Başbakan Yardımcısı Babacan, konuşmasını şöyle sürdürdü:

''Bütün bu olan biten, bütün bu türbülans... Biz her ne kadar kendi ekonomimizden, kendi yapımızdan emin olsak da Türkiye dışa açık bir ülke. Finansman ve ticaret kanalıyla dünyaya bağlıyız. Avrupa ile ilişkilerimiz daha özel. İhracatımızın yarısını Avrupa'ya yapıyoruz. Yine Türkiye'ye gelen doğrudan sermayenin önemli bölümü Avrupa'dan geliyor. Dolayısıyla Avrupa'da olabilecek gelişmeler Türkiye'yi az ya da çok etkileyebilir. Bunun da farkındayız. Biz politikalarımızda her türlü senaryoya hazır oluyoruz. Hiçbir gelişme şu anda sürpriz olmamalı. Karşımıza hangi senaryolar çıkabilir ve o senaryolar çıktığında hangi politika araçlarıyla neyi yapacağımızı bugünden hazırlamış durumdayız. Dolayısıyla şu anda çok senaryolu, her senaryoya göre oyun planını, politikalarını hazırlamış bir ekonomi yönetimimiz var. Dediğiniz gibi otomatik pilot kesinlikle söz konusu değil. Böyle dönemlerde olamaz.
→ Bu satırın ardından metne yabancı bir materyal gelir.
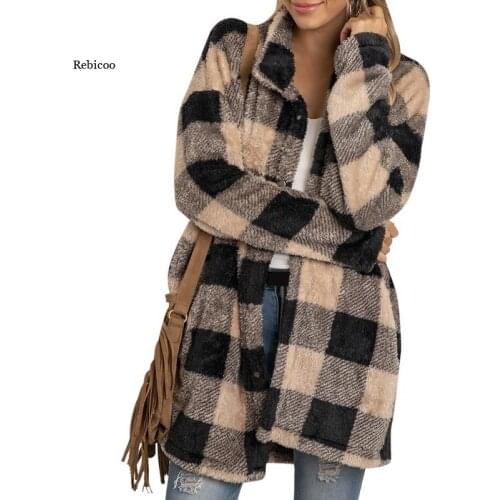 Womens Coat Casual Plush Long Sleeve Color Contrast Plaid Single-Breasted Jacket Mid-Length Vintage Overcoat Winter New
Manuel olarak bizzat aylık, günlük, hatta saatlik gelişmelere göre kararlar almak, ona göre politikalarınızı uyarlamak, belirlemek gerekiyor.''

Ali Babacan, Türkiye'de ekonomik birimlerin hepsinin koordinasyon halinde çalıştığını, her birimin çalışmalarının birbirini tamamlayan nitelikte olduğunu, gerekeni gerektiği zamanda korkmadan yapan bir iktidarın söz konusu olduğunu söyledi.